The tie was distinguished by unusual levels of camaraderie between both sets of fans.

Bohemians v Aberdeen, 1987

Alex Ferguson was gone and the Old Firm was in the process of re-establishing its absolute stranglehold over the Scottish League. But Aberdeen were still a relevant force.

Jim Ball's strike in the second leg in Pittodrie was the only goal of the tie. But the Scots weren't so lucky 12 years later.

St. Patrick's Athletic v Hearts, 1988

St. Patrick's of Dublin, as the Scottish sports reporters called them, were demolished 4-0 on aggregate by Hearts. They'd go onto reach the quarter-finals where the fell to Bayern Munich.

St. Patrick's Athletic v Celtic, 1998

The 1990s were a democratic era in Irish football with a number of different clubs stealing a League title. But St. Pat's were the team of the decade, winning three championships in four years between 1996 and 1999.

Pat Dolan's St. Pat's team achieved a spirited 0-0 draw in Celtic Park in August 1998. They soaked up the acclaim of their supporters.

Celtic won 2-0 in the second leg. Anecdotal reports tell us that Celtic's Scottish supporters were the epitome of class. Their Irish based supporters were less so.

"Fuck off back to England", one Dubliner roared at St. Pat's Scottish striker Ian Gilzean.

Shelbourne v Rangers, 1998

Fears that Rangers supporters would wreck the gaff as soon as they touched down on Irish soil had led Shelbourne to relinquish home advantage. Bizarrely, they had to play their home leg in Prenton Park.

The match is only remembered now for the surreal opening when Shels went 2-0 ahead. Early in the second half, Pat Morley dinked the keeper and made it 3-0. Very rarely is the rest of the game even shown.
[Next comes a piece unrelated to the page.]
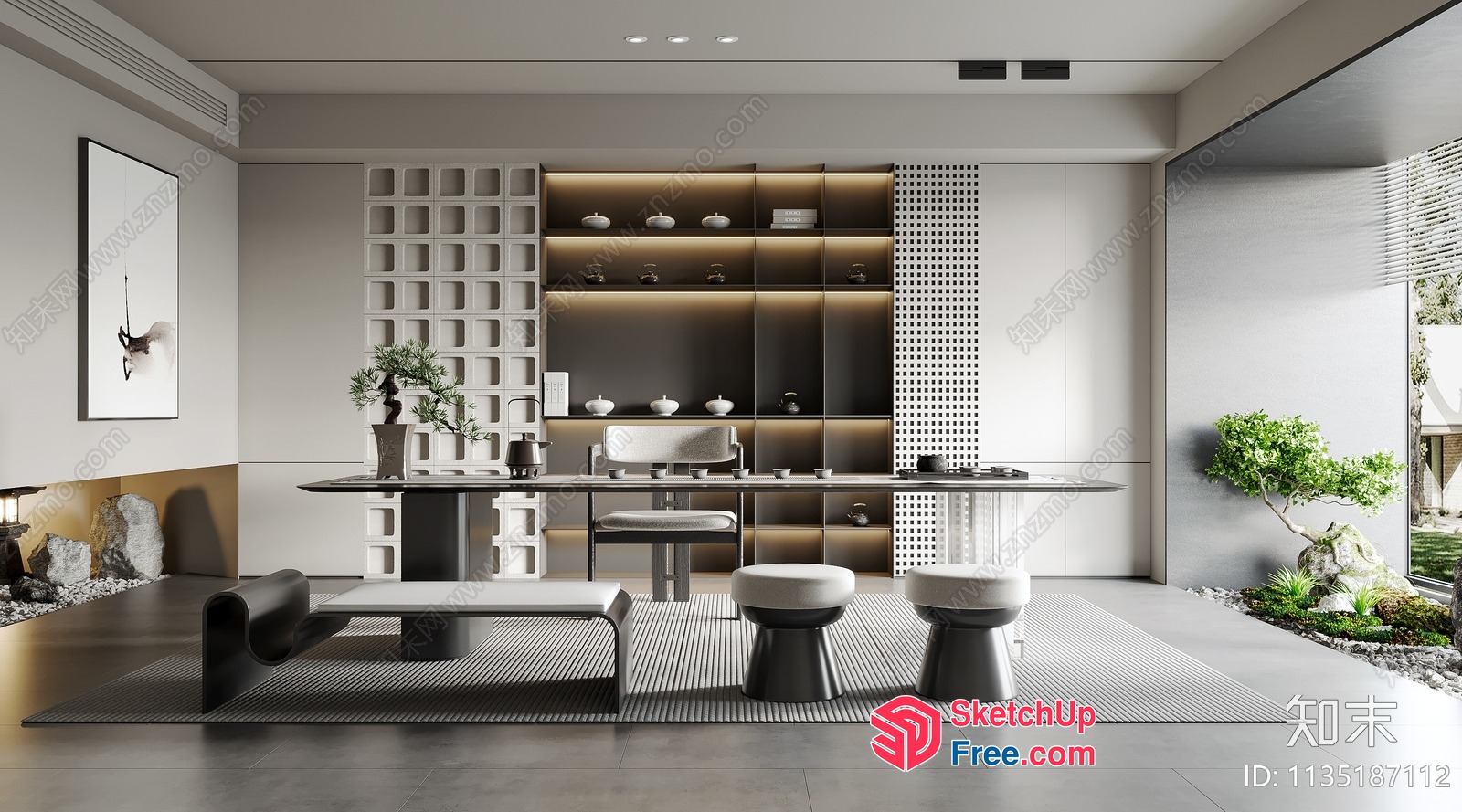 Minimalist Modern Japanese Decor Style Office 3D SketchUp File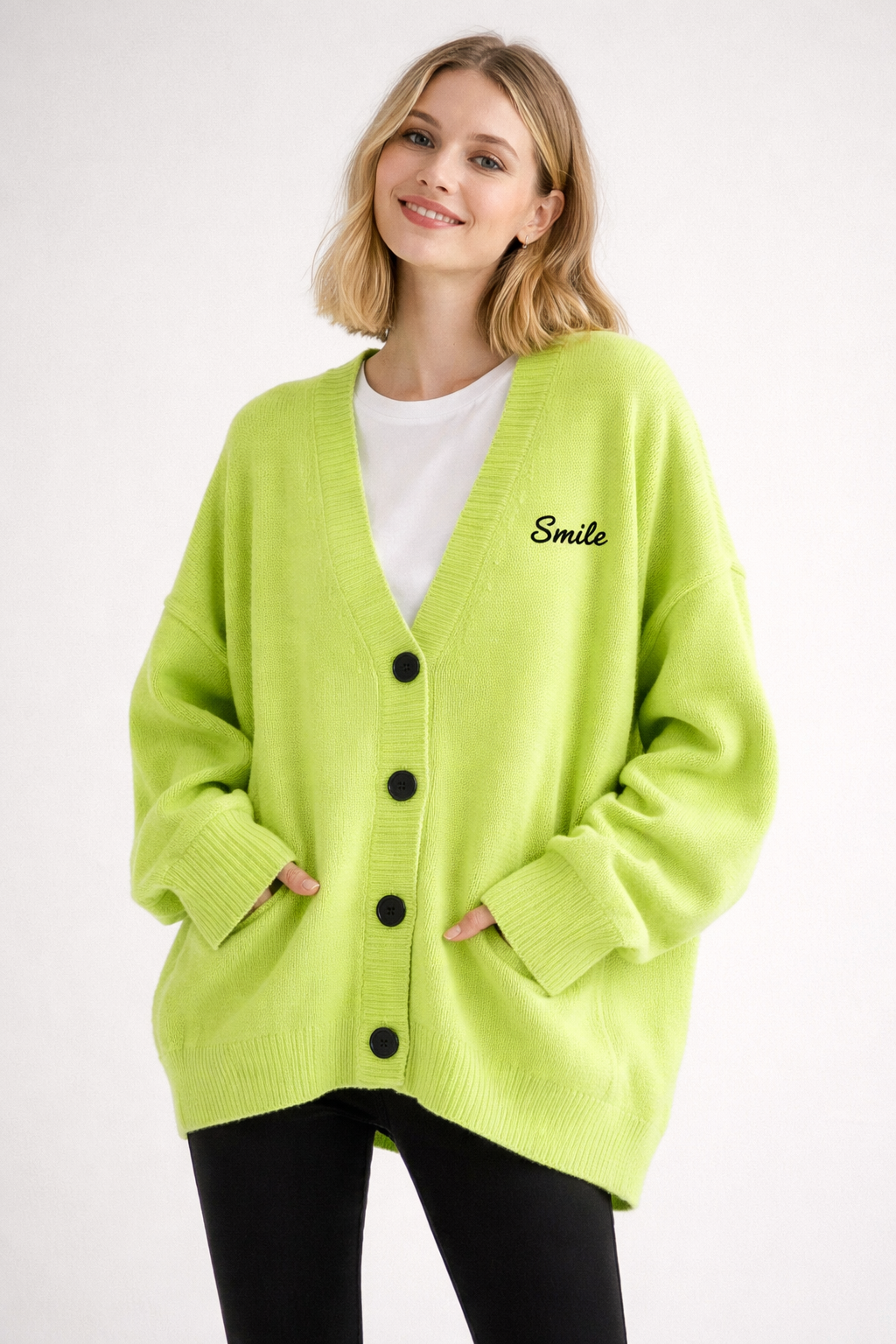 Happy Smile Intarsia Knit Cardigan Oversized Made in Korea - Luckyplanetusa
Quite right too. Rangers re-gathered themselves and won 5-3. They won 2-0 in Ibrox.

Many of the Shels fans missed the early burst. The police had held them back for their own safety as they sorted what Karl McGinnity described as "a cantankerous horde" of Rangers fans.

Mark Rutherford blasted home in one of his final games for Shelbourne. New manager, the grizzled veteran Dermot Keely told that he'd no place for him.

Bohemians v Aberdeen, 2000

Victory at last. Bohemians became the first Irish club to beat a Scottish side in European competition.

Roddy's boys won 2-1 in Pittodrie, with Trevor Molloy blasting home the winner from a penalty with three minutes remaining.

The home tie, which was played in Tolka Park rather than Dalymount, was scoreless until the final minute when David Morrison's own goal set the scene for an unbearably tense injury time.

But they held out to win on away goals. In the next round, they would beat Kaiserslautern 1-0 away from home.

Derry City v Gretna, 2006

The first team that Stephen Kenny brought to Europe was Longford Town in 2001-02. With Derry City, he built a phenomenal side who'd been languishing before his arrival. They fell just short of a League title in the mid-noughties.

He took them to the brink of the Europa League stages in 2006-07, losing narrowly to Paris Saint Germain in the final qualifying round.

Before that they beat IFK Goteburg and smashed Gretna 5-1 in the away leg in the second qualifying round. The game in the Brandywell a mere formality.

He has to be next Ireland manager, according to Pat Dolan.